> **WORK INSTRUCTION**
Word for word, restate the lines from the top of the records below through the line with "Lot 261 France", both included, with no pictures in the result.

Captioned web image data

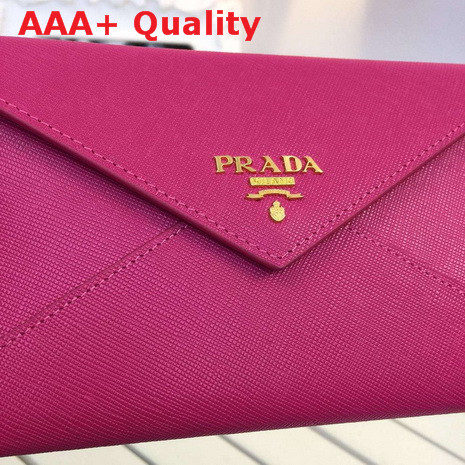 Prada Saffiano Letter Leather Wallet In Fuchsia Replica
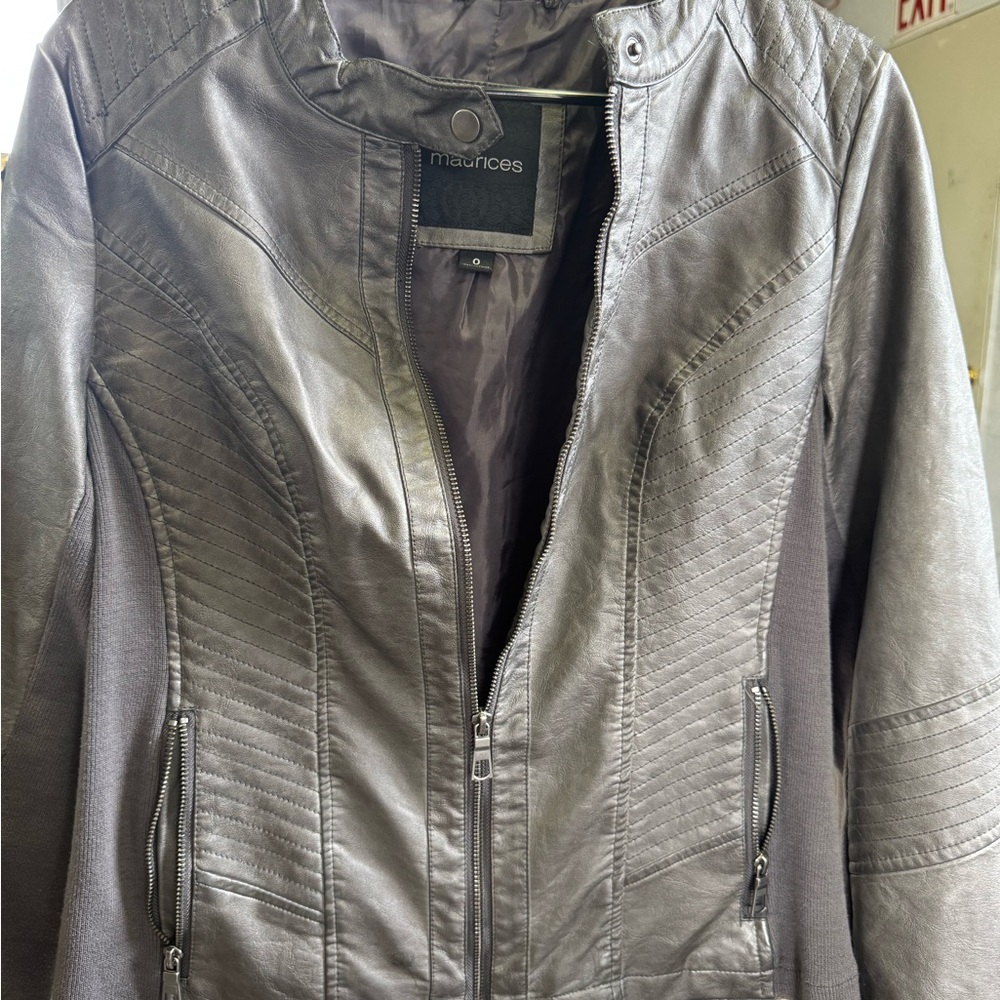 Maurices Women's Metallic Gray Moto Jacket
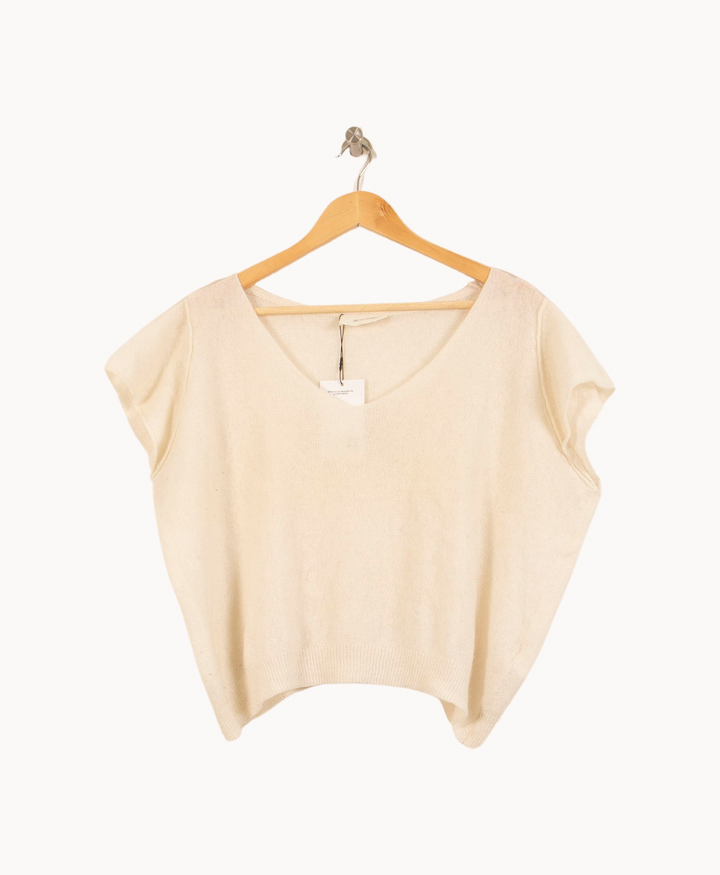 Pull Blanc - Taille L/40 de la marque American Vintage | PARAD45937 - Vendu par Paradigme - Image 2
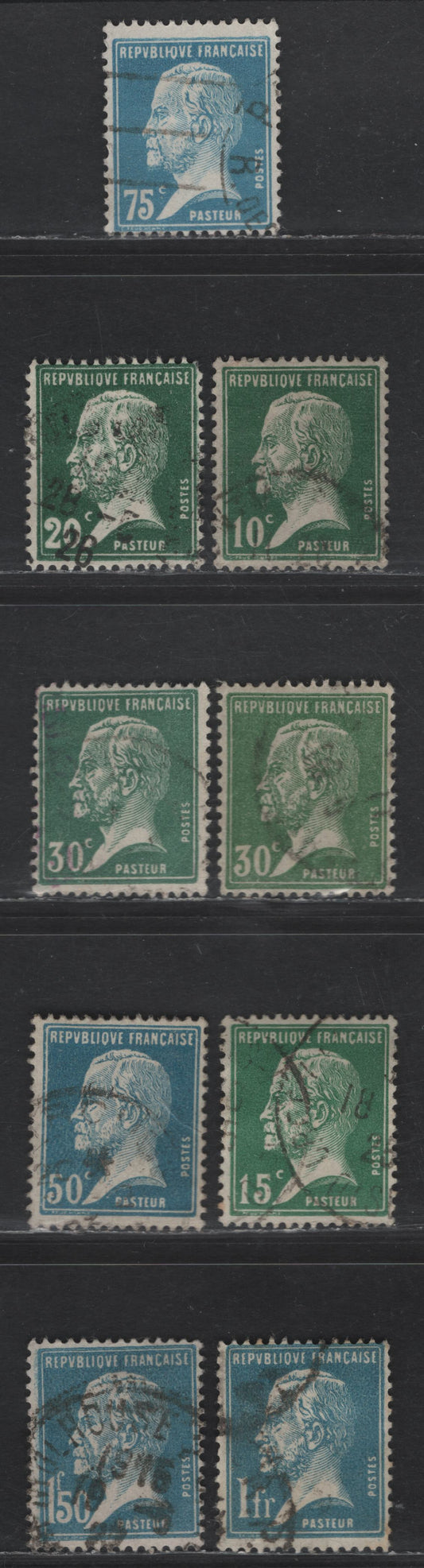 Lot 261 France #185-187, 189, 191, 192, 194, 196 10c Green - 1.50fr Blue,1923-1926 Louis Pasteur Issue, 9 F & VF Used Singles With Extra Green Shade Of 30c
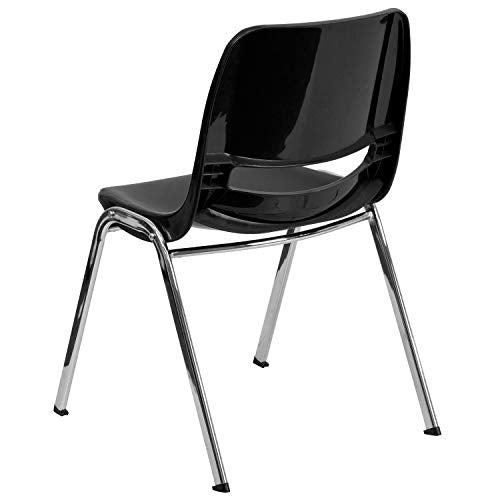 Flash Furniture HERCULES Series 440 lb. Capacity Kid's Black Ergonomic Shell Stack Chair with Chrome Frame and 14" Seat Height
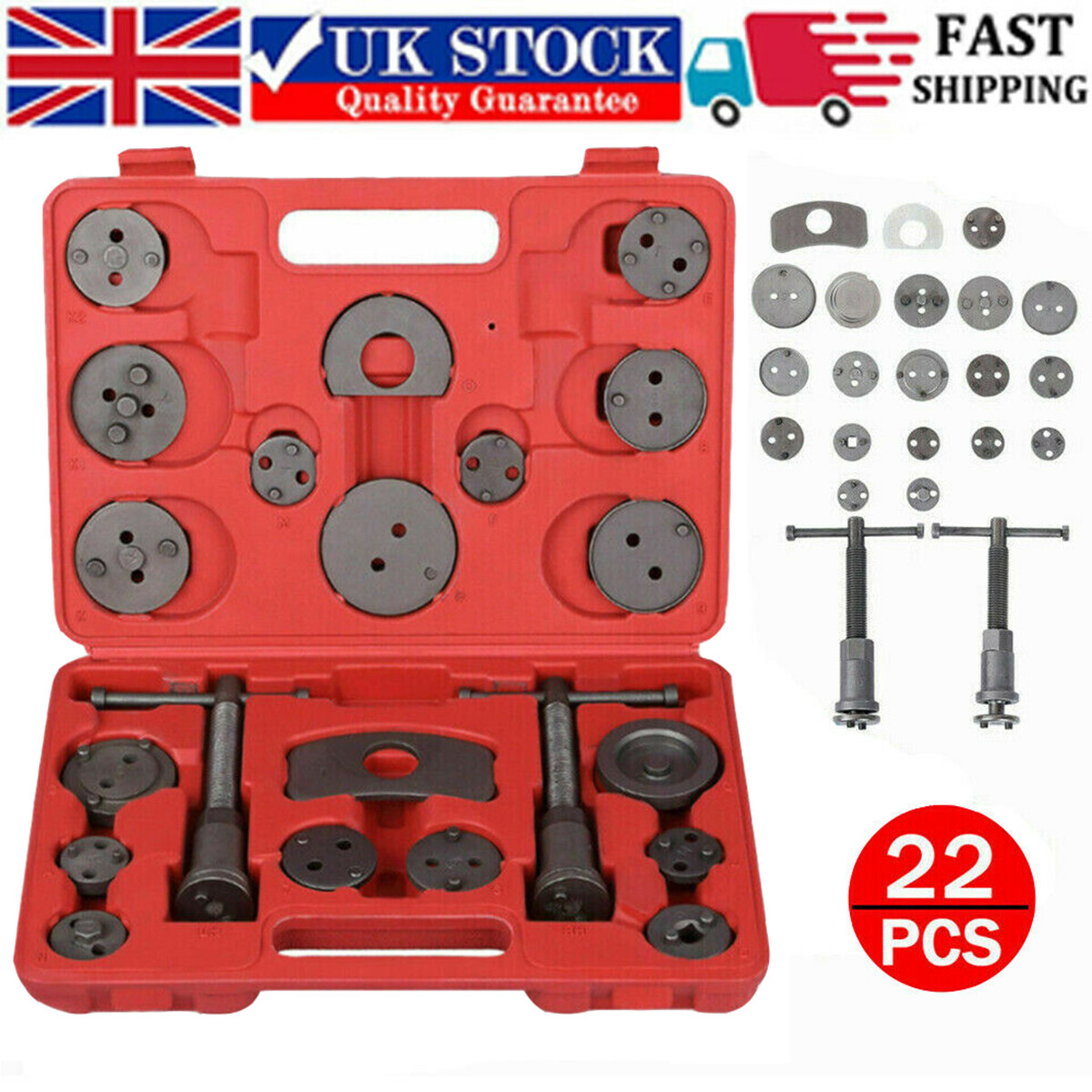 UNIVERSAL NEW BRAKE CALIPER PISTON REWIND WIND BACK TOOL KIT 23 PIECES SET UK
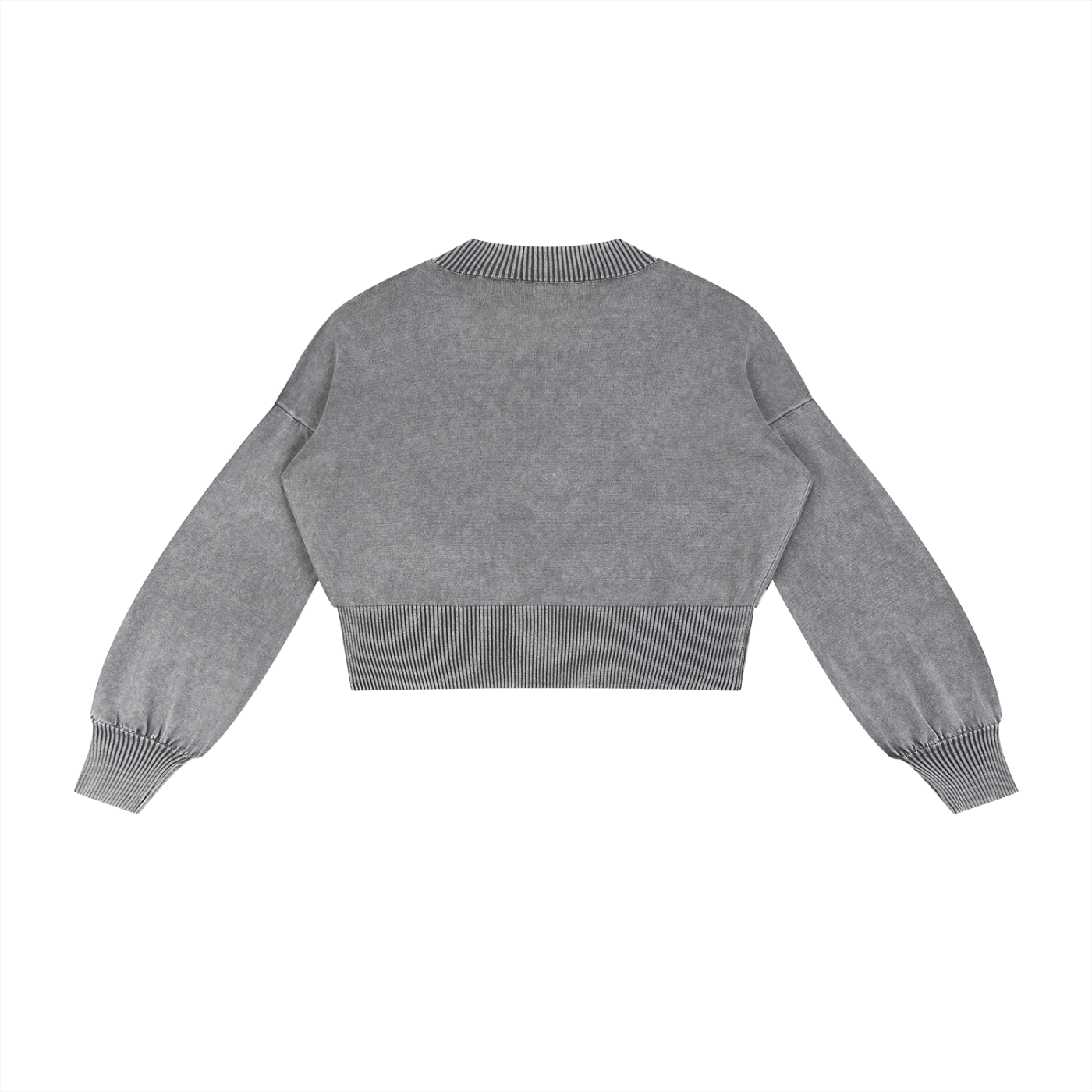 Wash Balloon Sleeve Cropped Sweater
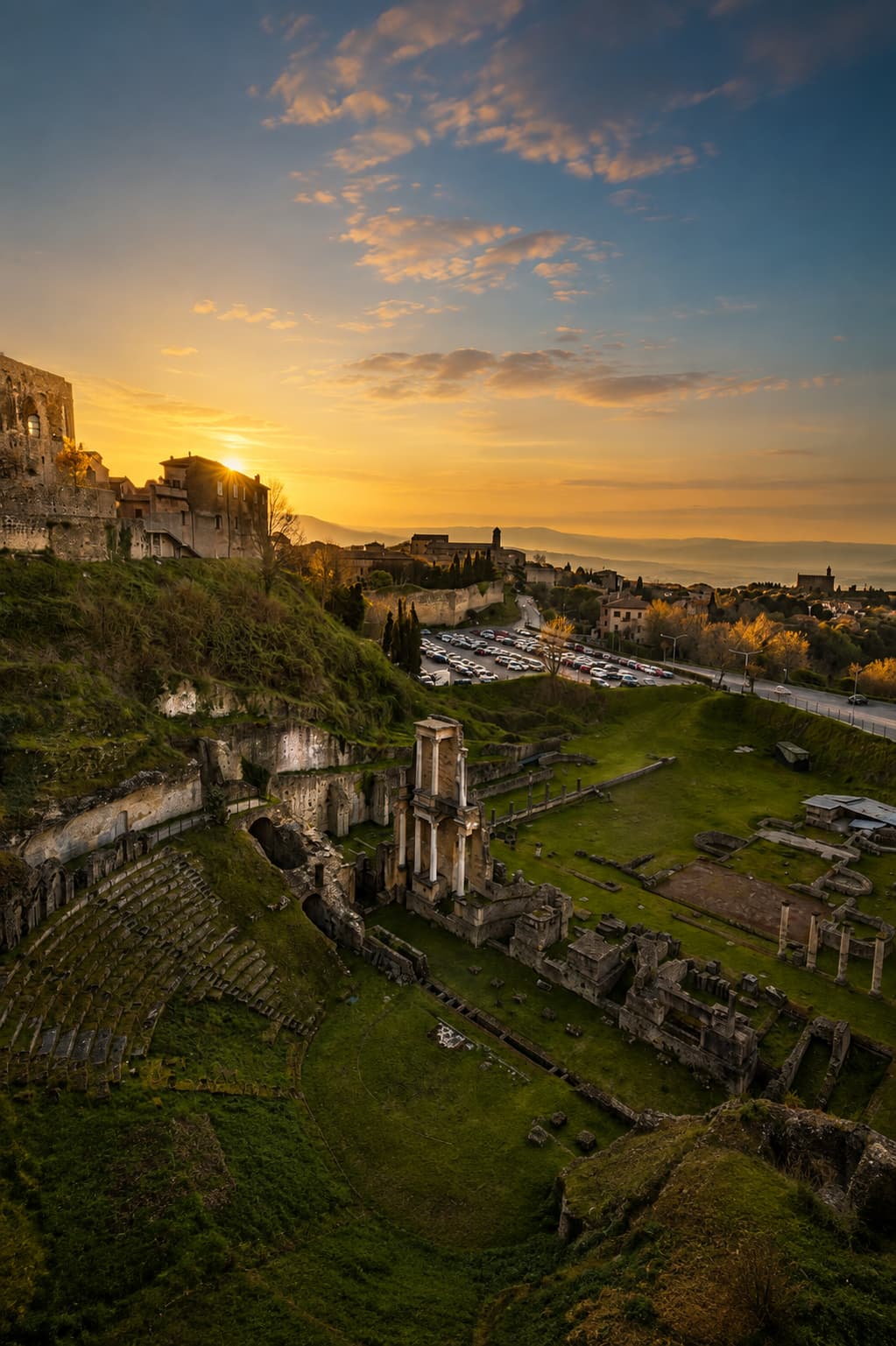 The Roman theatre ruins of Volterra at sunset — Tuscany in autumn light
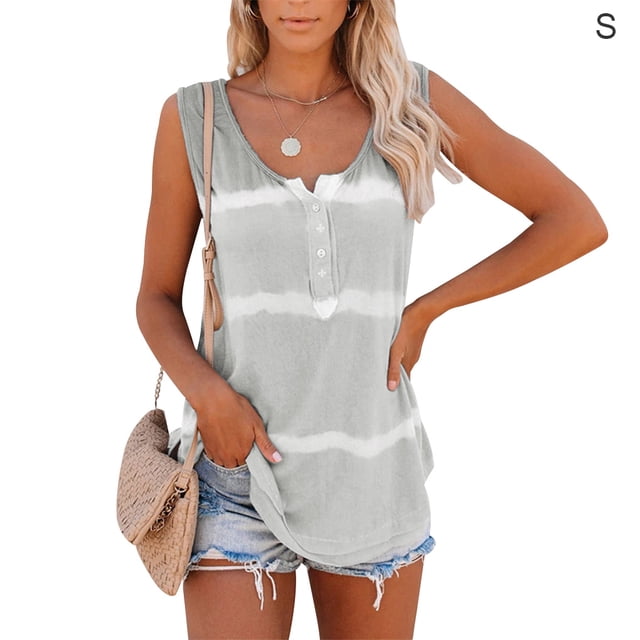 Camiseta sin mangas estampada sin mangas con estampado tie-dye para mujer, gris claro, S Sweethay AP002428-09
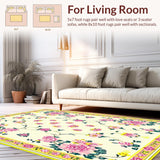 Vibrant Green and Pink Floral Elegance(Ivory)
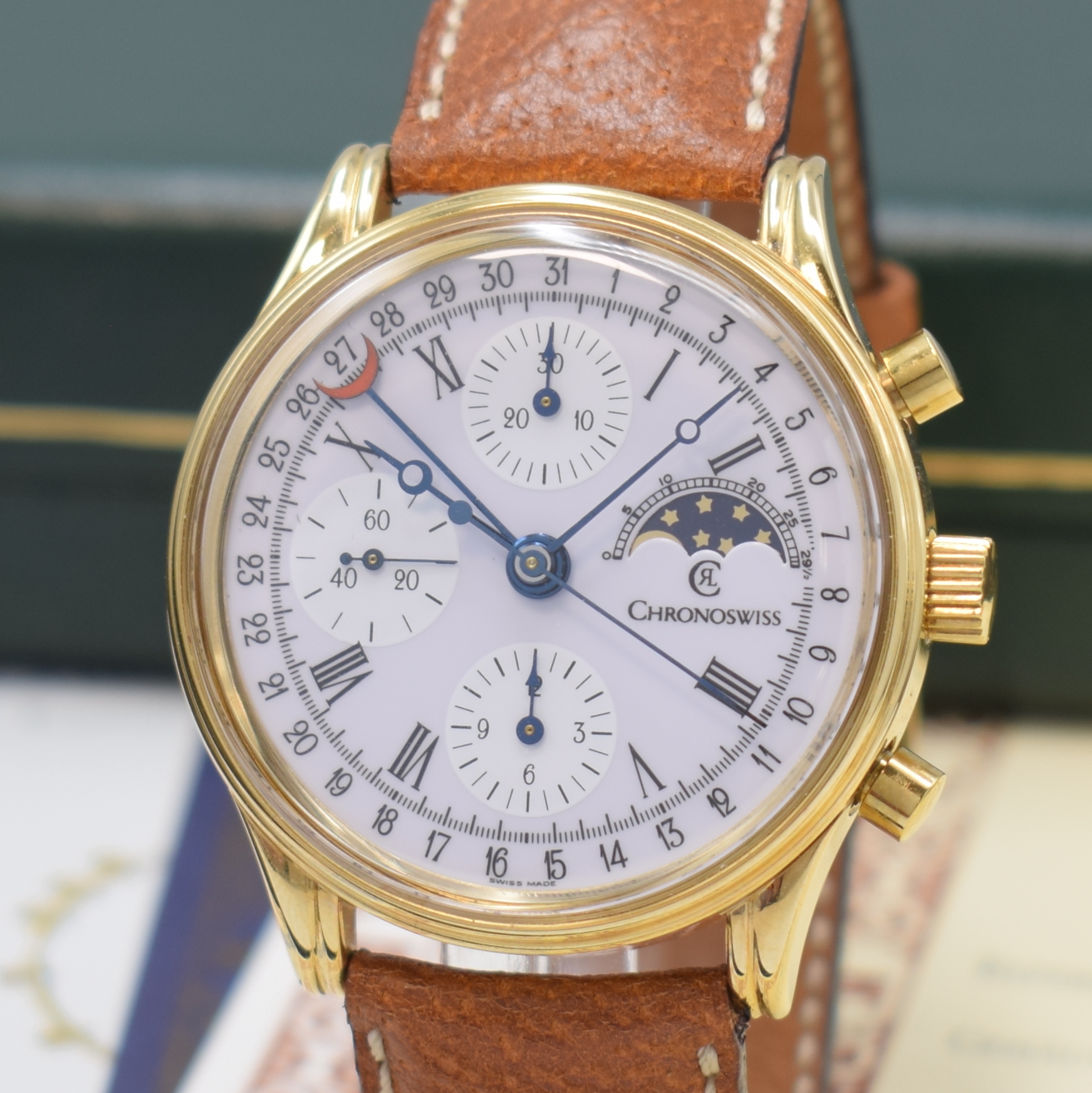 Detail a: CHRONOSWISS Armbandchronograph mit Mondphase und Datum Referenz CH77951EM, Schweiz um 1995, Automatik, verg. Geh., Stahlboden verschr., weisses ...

> **SOLVED PROBLEM**
 Prada Saffiano Letter Leather Wallet In Fuchsia Replica
 Maurices Women's Metallic Gray Moto Jacket
 Pull Blanc - Taille L/40 de la marque American Vintage | PARAD45937 - Vendu par Paradigme - Image 2
 Lot 261 France #185-187, 189, 191, 192, 194, 196 10c Green - 1.50fr Blue,1923-1926 Louis Pasteur Issue, 9 F & VF Used Singles With Extra Green Shade Of 30c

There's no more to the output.